The second in a series about exterior color selection.

I mean this question in two ways: what are the materials used in its construction, and what kind of style is it in? Is it Modern or turn-of-the century, mock Tudor or Arts and Crafts, Prairie School or farmhouse, Federalist or Dutch Colonial? If it's a very classical expression of one of these styles, then your color choices become more limited, and therefore easier.


For example, if you have a mock Tudor, you probably shouldn't paint your half-timbers on the front with anything other than a couple varieties of brown, because it's weird and anachronistic to see them any other color, such as a pinkish salmon we once had the pleasure to paint over. You may have some more leeway in choosing a stucco color on a Tudor, anything from creams to tans and taupes, but none of these should be so dark as to interfere with the effect of the architectural details. The beams in the front are an visual asset to be emphasized; contrasting colors displays them well.

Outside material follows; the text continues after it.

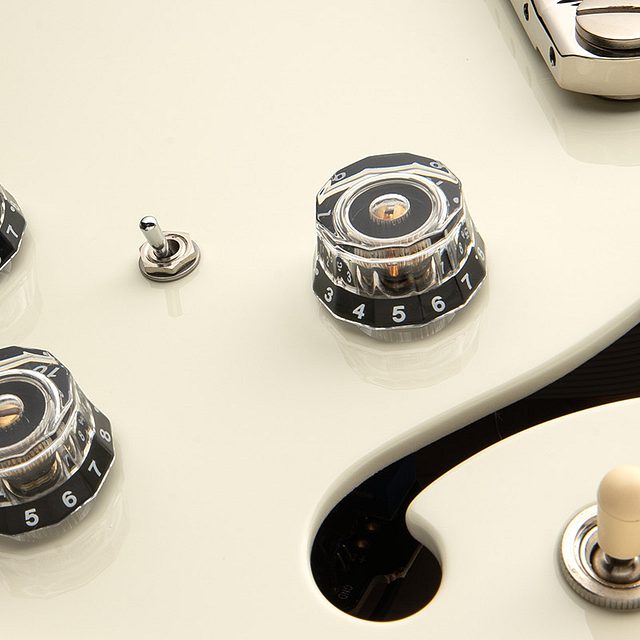 Hollowbody ii piezo 2026 antique white hero d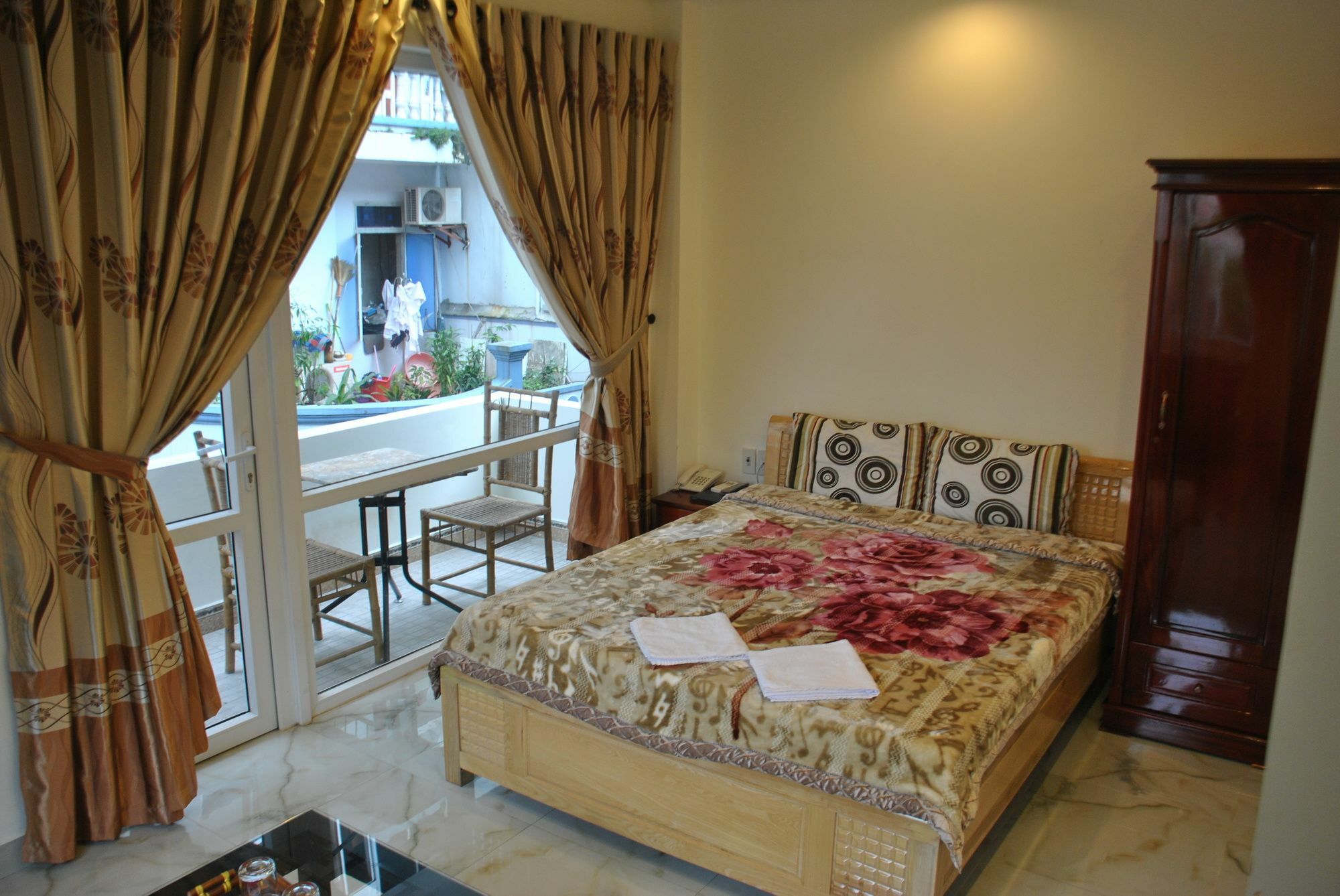 Sunny A Hotel Hue Bagian luar foto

“But what style is my house in?” you ask, “I can't tell.” Well, this is where things get interesting. Many, many houses are built in what's clumsily called 20th Century Vernacular. This means that the builders cribbed elements from several different school and styles, mixing the Federalist with Arts and Crafts, tossing in some columns and happily moving in to raise a family. Occasionally you'll find a house that started out as one thing, and then was remodeled so extensively as to have changed the original style into something else entirely. Like all construction projects, this can be done well, or it can be done badly.


If your house is in a collection of styles, you certainly have more options in your color choices, as you can mix styles in the manner of the original builders. Or you can choose the dominant style, and go with that. Many paint manufacturers (most notably Sherwin Williams, Benjamin Moore, and Hirshfield's) have created paint lines attuned to specific architectural styles. If you have an Art and Crafts inflected house, start with the colors that have been identified as such. Choice is often a matter of limiting your options. Style is as good a place to start as any.


And finally, a note on materials. Do you have brick or stone sections you will not be painting? White metal fascia, vinyl-covered dormers or aluminum storms that would be troublesome to paint, if not downright expensive? (An aside on painting vinyl: it used to be that you couldn't paint vinyl with a color darker than the factory finish, for reasons I'm not entirely clear on. Paint manufacturers, in their ongoing arms race with the vinyl people, have now formulated paints that claim to do exactly that.) Colors can be suggested by stone and brick, which often have a lovely range of shades and patterns. Don't forget to look at the mortar! If there are parts of the house you're not painting, then you already have some choices made.